BEGIN Recorded data

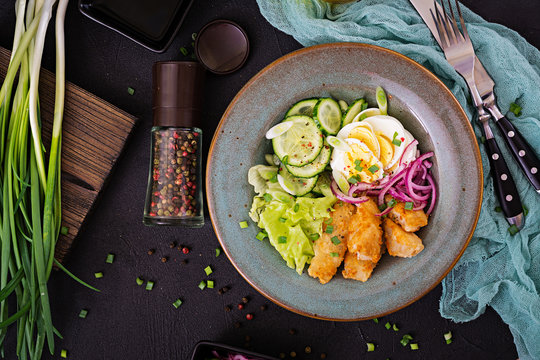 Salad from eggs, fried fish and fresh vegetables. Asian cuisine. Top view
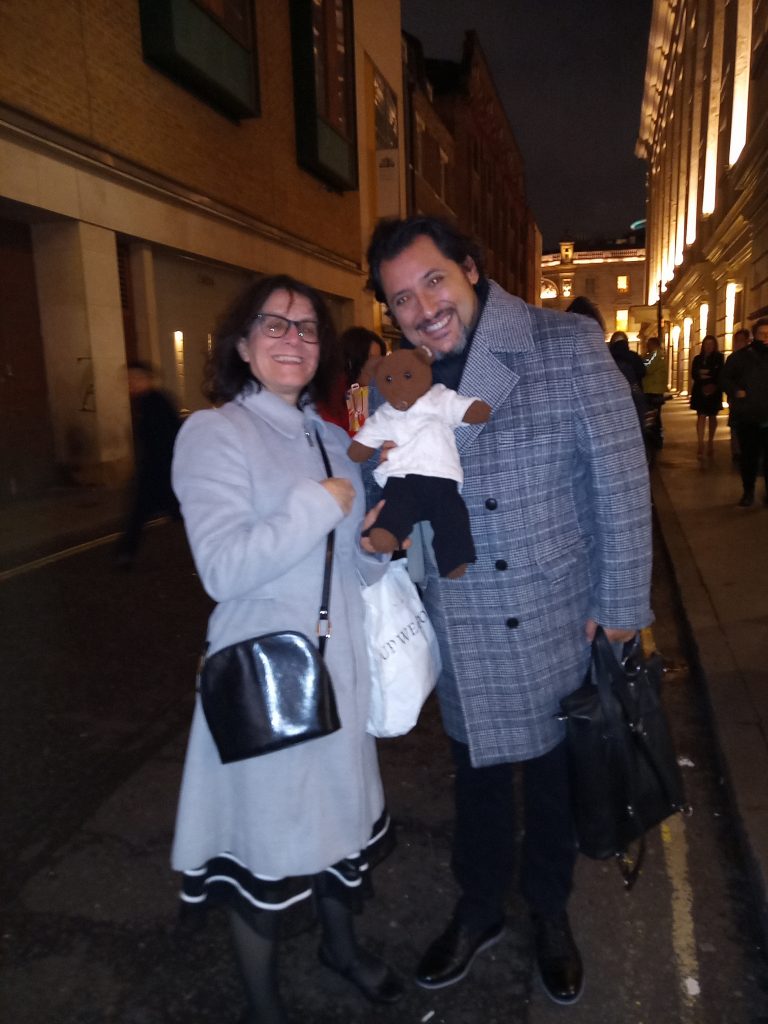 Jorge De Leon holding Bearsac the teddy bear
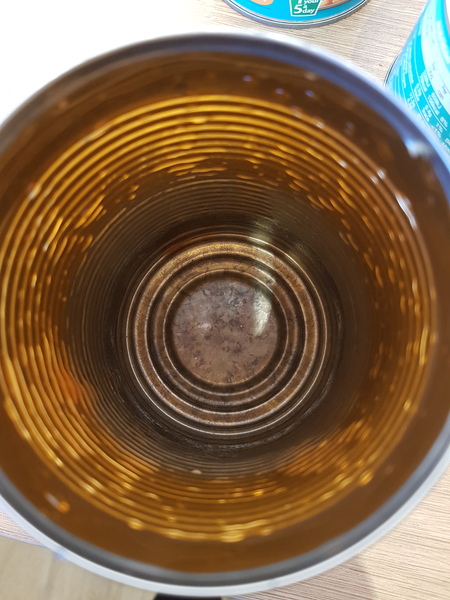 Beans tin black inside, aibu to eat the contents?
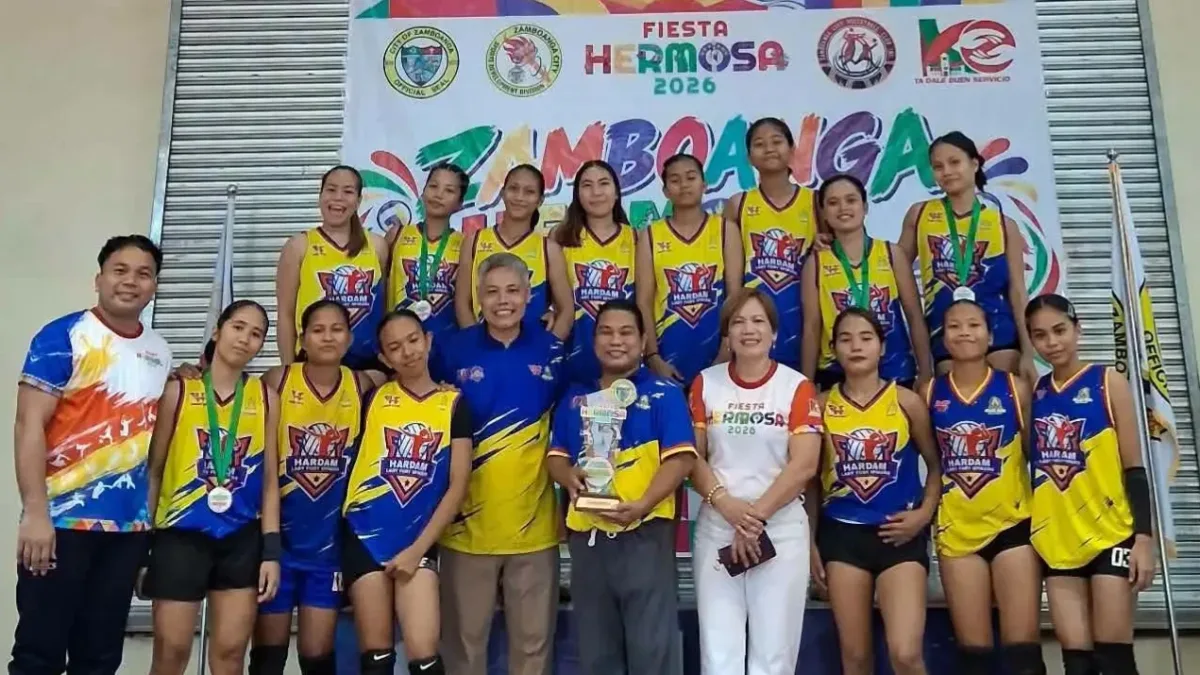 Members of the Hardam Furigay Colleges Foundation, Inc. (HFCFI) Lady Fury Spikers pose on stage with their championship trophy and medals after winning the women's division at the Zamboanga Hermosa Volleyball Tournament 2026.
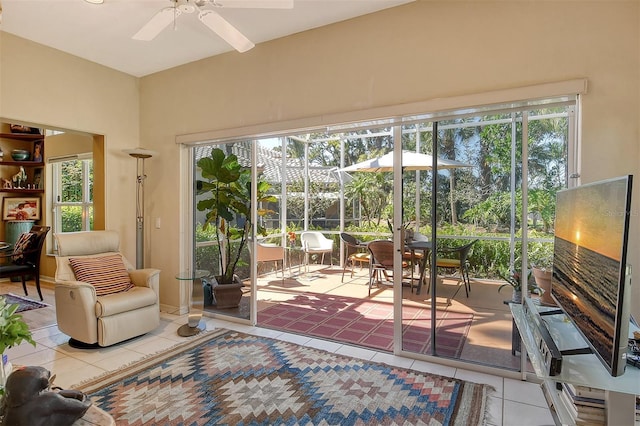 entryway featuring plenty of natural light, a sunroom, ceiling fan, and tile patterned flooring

END Recorded data
BEGIN Recorded data

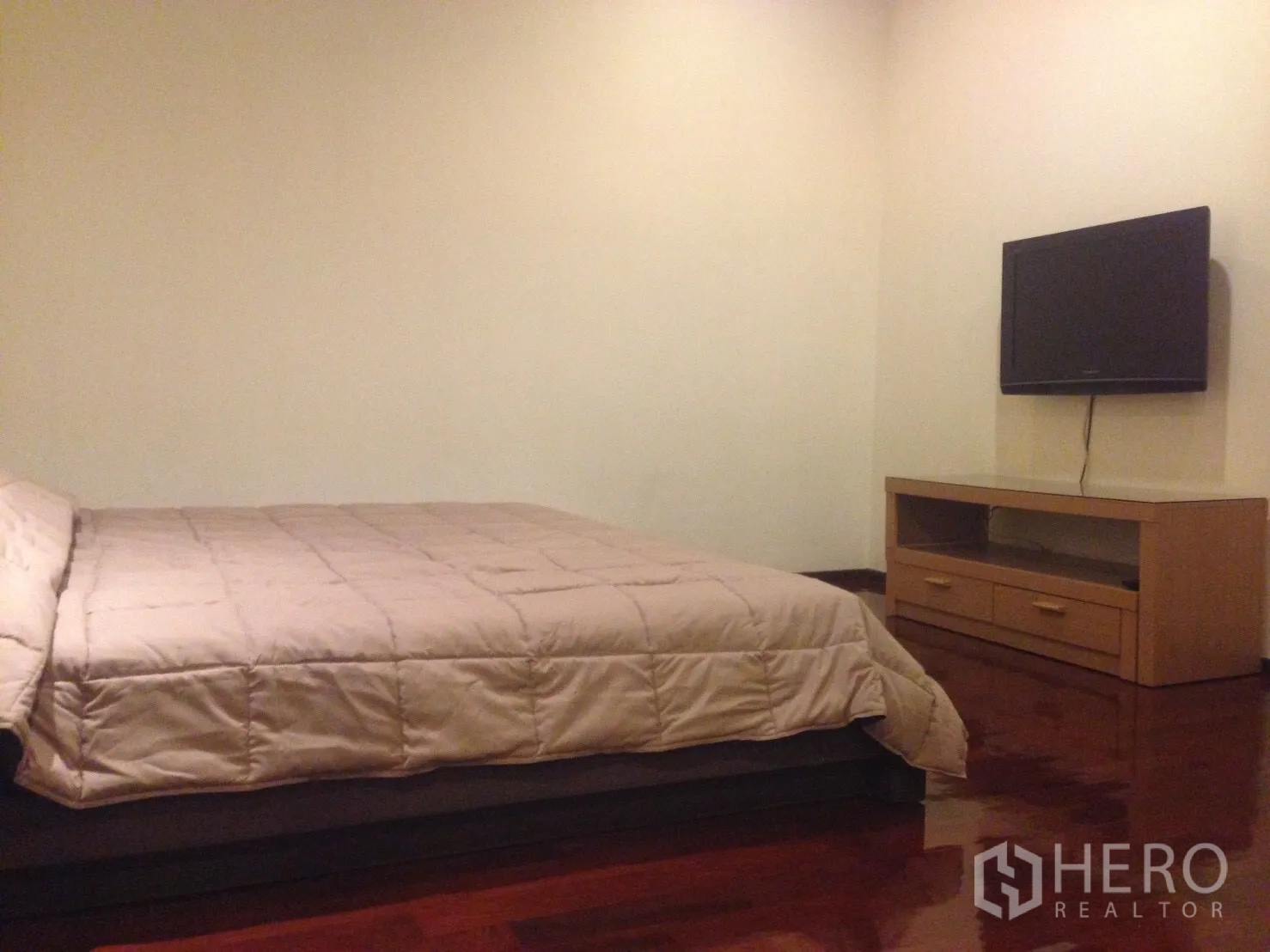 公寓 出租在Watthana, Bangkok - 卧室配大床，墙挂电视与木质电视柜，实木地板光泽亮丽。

END Recorded data

→ **Activity**:
Above are some records. Output exactly the lines from the one that contains "Salad from eggs, fried" to the one that contains "entryway featuring plenty", keeping both, and omit the pictures.

→ **Result of the exercise**:
 Salad from eggs, fried fish and fresh vegetables. Asian cuisine. Top view
 Jorge De Leon holding Bearsac the teddy bear
 Beans tin black inside, aibu to eat the contents?
 Members of the Hardam Furigay Colleges Foundation, Inc. (HFCFI) Lady Fury Spikers pose on stage with their championship trophy and medals after winning the women's division at the Zamboanga Hermosa Volleyball Tournament 2026.
 entryway featuring plenty of natural light, a sunroom, ceiling fan, and tile patterned flooring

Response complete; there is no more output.